El bombalarının imha işlemlerinin 2007-2008-2009-2010 yıllarında o anda mevcut
mevzuat incelenerek farklılık gösterip göstermediği konusunda, "Belirtilen yıllarda el
bombalarının imha işlemlerinde uygulanan prosedürde bir farklılık bulunmamaktadır. "
Yapılan imha işlemlerinin gövde ve fünye birlikte iken mi yapıldığı yoksa fünye ve gövde
ayrılarak mı yapıldığı konusunda "Tahrip işlemlerinde; esas tahrip edilecek nesnenin
ateşleme mekanizmasını (el bombalarında tapa), uzaktan kesme, kırma, çıkarma işlemi
yapılamıyorsa mevcut yapısının kurcalanmadan, en kısa sürede yerinde (Literatürde
atılmış patlamamış mühimmatta çevre şartları elverdiği sürece yerinde tahrip-blow in
place önerilmektedir) veya uygun bir alana götürülüp tahrip edilmesidir.

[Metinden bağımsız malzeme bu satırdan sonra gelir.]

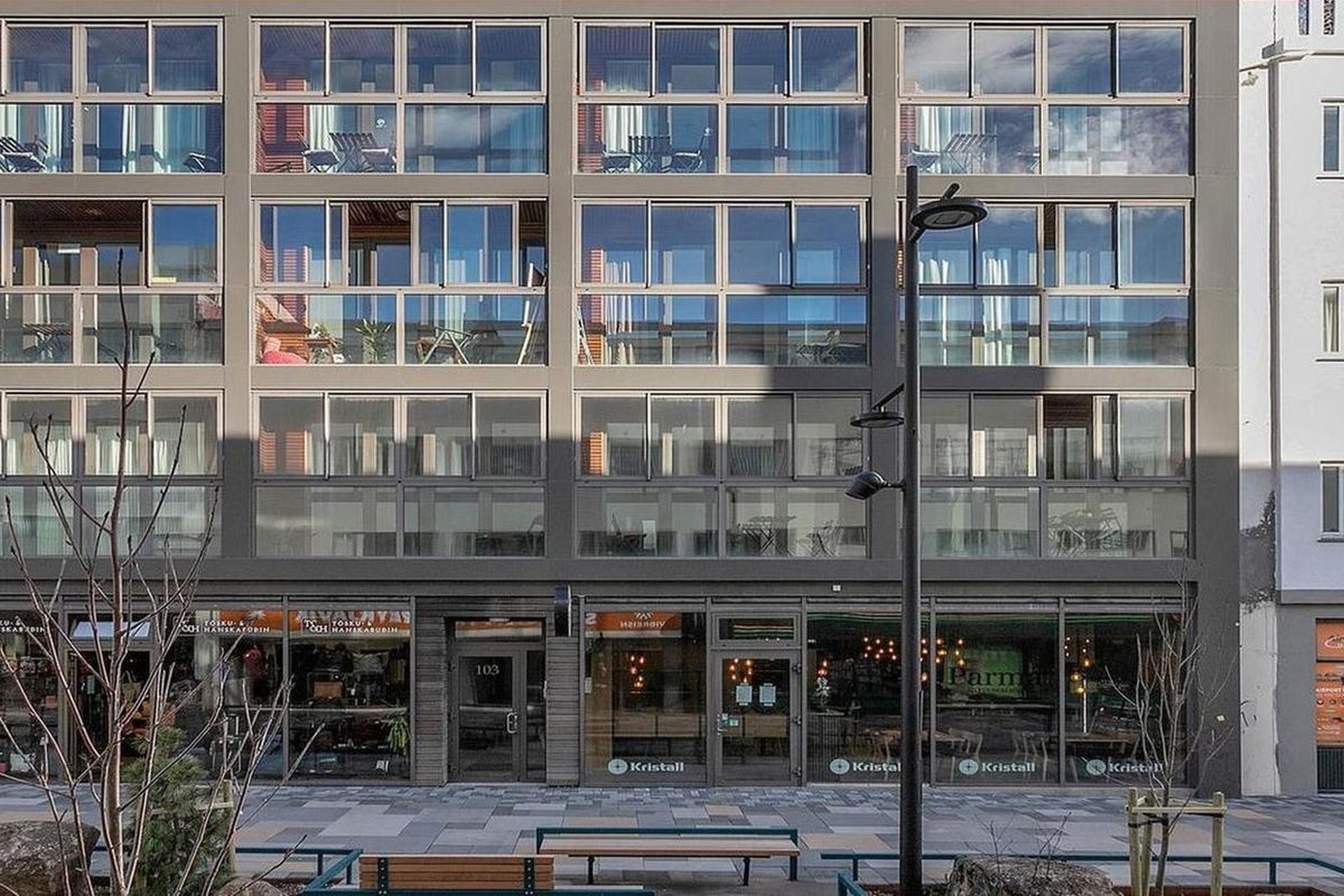 Laugavegur 103, 105 Reykjavík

El bombalarında tapa gövdeye el sıkımı olarak (hand tight) vidalanarak tutturulmuş ayrı
bir aksam olduğundan, zorlamamak suretiyle çıkarılması mümkündür. Çıkarma esnasında
risk alınmaktadır. Ancak bu risk bir uzman tarafından alınabilecek bir risktir. Bir el
bombasının tüm aksamları göz önüne alındığında; en hassas aksamı tapasıdır ve tapanın
çıkarılması, literatürde "başlatıcı ile patlayıcı maddenin birbirinden ayrılması" olarak
anılan bir işlem olduğundan emniyeti artırır. Fünye ve gövde birbirinden ayrıldığında,
fünyenin ana imla hakkını patlatma riski azalır, kazaen veya çevresel şartlar nedeniyle
meydana gelebilecek bir patlamada fünyenin infilakı ana imla dolgusunu
ateşlemeyeceğinden etki sadece fünyenin patlamasıyla oluşacak etkidir. Her iki durum da
tehlikeli olmakla beraber kıyaslandığında sadece tapanın infilakı yeğlenecek bir
durumdur.
Tahrip (imha) faaliyeti, tahrip kalıbı kullanarak bir nesneyi tahrip etmek, yok etmek olarak
algılanmamalıdır. Tüm işlemler; Mevcut patlayıcı miktarı, Tahrip için kullanılacak ilave
patlayıcı miktarı, Muhtemel etki alanı, Tahliye edilmesi gereken alan, Sütre olarak
kullanılabilecek bir alanın olup olmaması, yoksa sütre hazırlanması veya en yakın sütreye
olan mesafeye göre infilak anının (safe seperation time) hesap edilmesi ve buna göre
tahrip mekanizmasının hazırlanması, Çevresel şartlar (nehir, dere yatağı, deprem bölgesi
olma durumu), Yol durumu (gerektiğinde trafiğin durdurulması), Hava durumu (yoğun
bulutlu havalarda infilak sonucu oluşan sesin havanın odak etkisi nedeniyle daha uzağa
ulaşacağı kabul edilmektedir), Yakında meskûn bir mahal, yayla, otlak, çoban ve hayvan
sürüleri gibi etkilenebilecek yer, insan veya hayvan bulunup bulunmaması (halkın korku ve
endişeye kapılmaması açısından bilgilendirilmesini gerektirir), Bölgenin üzerinde
havayolu faaliyetinin olup olmaması, İnfilak zamanı gibi birçok faktörün
değerlendirilmesini gerektiren ve prosedürleri olan, hesaba dayalı teknik bir işlemdir. Bu
anlamda, tüm etkileri hesaba katacak olan uzmanın değerlendirmesi esas olup uygun
409/2271
kamuya ait sivil veya askeri herhangi bir alanda tahrip işlemi yapüabilir. Nitekim
uygulamada, mühimmat veya patlayıcı maddenin naklinin riski artırdığı
değerlendirildiğinde, yasal izinler dâhilinde ve mülki ve adli makamları bilgilendirmek ve
onayları almak suretiyle en yakın uygun bir alanda, genellikle taş ocağı gibi yerlerde,
tedbir alındıktan ve gerekli bilgilendirmeler yapıldıktan sonra tahrip yapılabilmektedir. "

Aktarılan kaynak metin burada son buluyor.